The model is nondimensionalized using the domain size L and the viral decay rate kr as characteristic scales, introducing a small geometric parameter ε = R/L (the ratio of host radius to room size). The dimensionless diffusion coefficient becomes D = Dr/(kr L²). The authors focus on the intermediate‑diffusivity regime where D = O(μ⁻¹) with μ = −1/ln ε → 0 as ε → 0. In this regime, singular perturbation (matched asymptotic) analysis is applied.
First, the authors define the spatial average of the airborne virus, V(t), over the bulk region (the room minus the host patches). Integrating the PDE and using the divergence theorem yields an evolution equation for V:
∂t V + V = (1/|Ω\Ωh|) ∑ ξj vj,
where ξj = γj L/kr and vj = uj/rc are dimensionless shedding rates. The term on the right represents the total contribution of all infected hosts to the airborne pool.

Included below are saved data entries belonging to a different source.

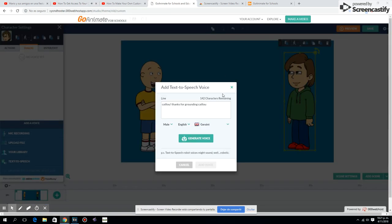Hey guys, today I'm going to be teaching you how you can use your old GoAnimate for Schools account, technically technically technically. So basically what you're going to do is you're going to want to make sure you're logged into your old GoAnimate for Schools free trial, or whatever you used.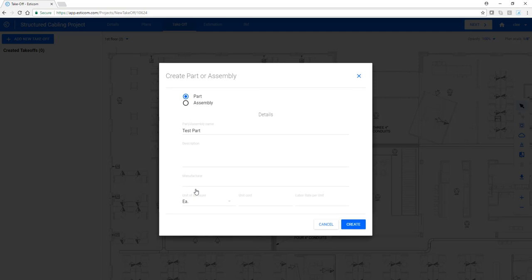Then choose Part or Assembly. In this case, we're going to create a simple part.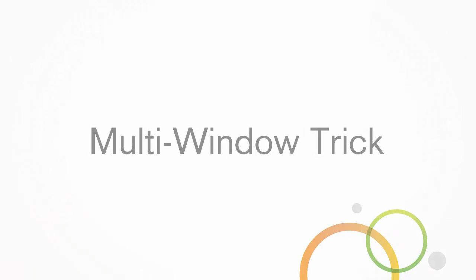In this episode, I will show you how you can use multiple windows to edit and view your Qlik Sense apps at the same time.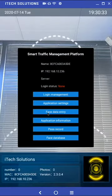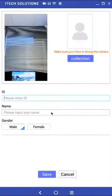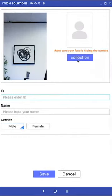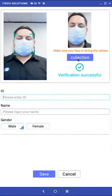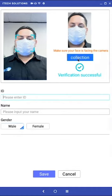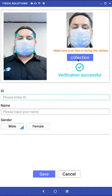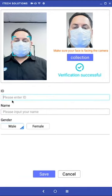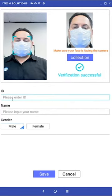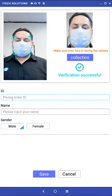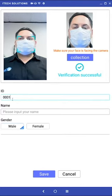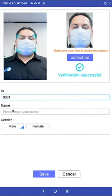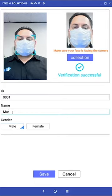Face data entry is where users can be added to the face database. To add a user, have them walk up to the unit until a blue square appears around their face. Click on collection to snap a picture. Below the capture there is an ID field along with name and gender. For ID we are going to enter 0001. Choose your own entry and enter the user's name.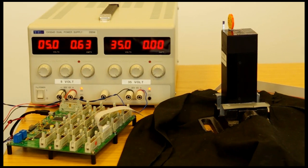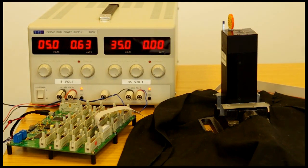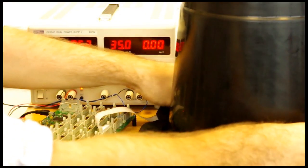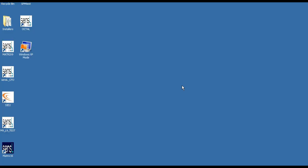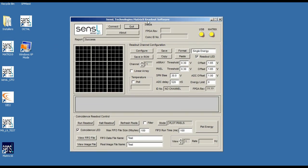We have a single pixel with a crystal on it already shown in this configuration. Now we're going to put it into the light-tight container and load up the Matrix 9 software on the screen.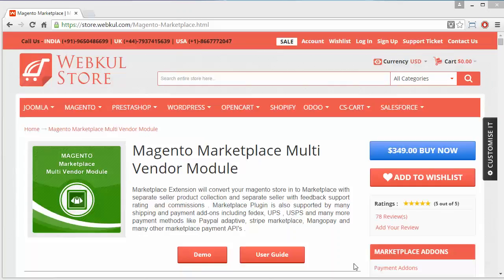Hello everyone, here is a new video of the Magento Marketplace Multi-Vendor Module. This multi-vendor module is very popular among Magento users, and in this video I will show you how you can add a configurable product.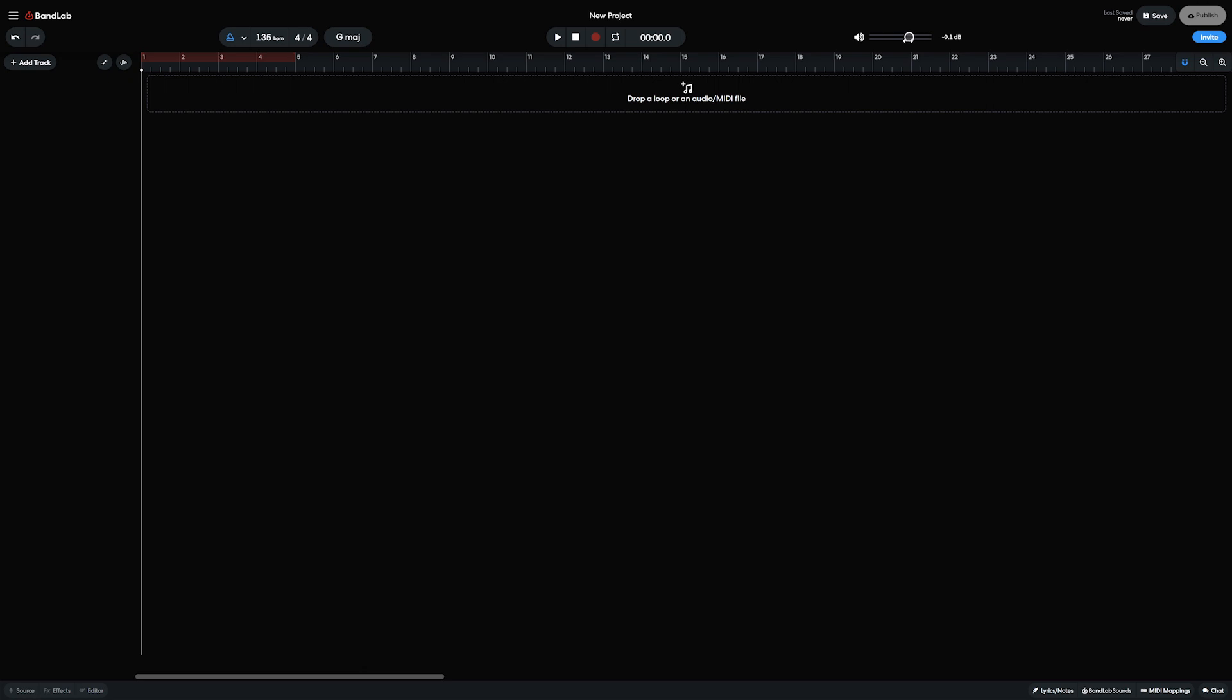To the right of the transport, we can adjust the project master volume, and the far right has the options to publish the project to our BandLab account, save the project, and invite other BandLab users to collaborate on the project.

Next, the authors solve the diffusion problem in the limit ε → 0 by expanding the solution in powers of μ. The leading‑order term is spatially uniform (the well‑mixed assumption). The first‑order correction involves the Neumann Green’s function G(x, x′) for the domain with no‑flux boundaries, which captures how the location of each host perturbs the otherwise uniform concentration. This correction appears as an O(μ) term in the reduced ODE system, preserving the influence of spatial heterogeneity without solving the full PDE.
The final reduced model consists of a set of nonlinear ODEs for each host:
- dTj/dt = −β1j Tj ∮∂Ωεj V dS − β2j Tj vj
- dEj/dt = β1j Tj ∮∂Ωεj V dS + β2j Tj vj − kj Ej
- dIj/dt = kj Ej − δj Ij
- dvj/dt = pj Ij − cj vj
together with the bulk equation for V that includes the Green’s‑function correction. The authors prove existence, uniqueness, and boundedness of solutions using standard ODE theory and maximum‑principle arguments for the underlying elliptic operator.
Parameter analysis shows that decreasing the diffusion coefficient D (or equivalently, reducing ventilation) leads to higher local airborne concentrations and larger infection peaks, especially when hosts are clustered. In the opposite limit of very large D, the Green’s‑function term vanishes, the system collapses to a spatially homogeneous “well‑mixed” model, and the reduced equations recover the classic target‑cell limited viral dynamics (dV/dt = p I − c V).
The paper concludes that the proposed framework bridges a critical gap between detailed within‑host immunology and realistic indoor transmission physics. It provides a tractable yet mechanistically grounded tool for exploring how room geometry, ventilation rates, and occupant placement affect epidemic outcomes. The authors suggest extensions to incorporate non‑linear airflow, stochastic shedding, and immune feedback, which would further enhance the model’s applicability to real‑world outbreak mitigation and building‑design guidelines.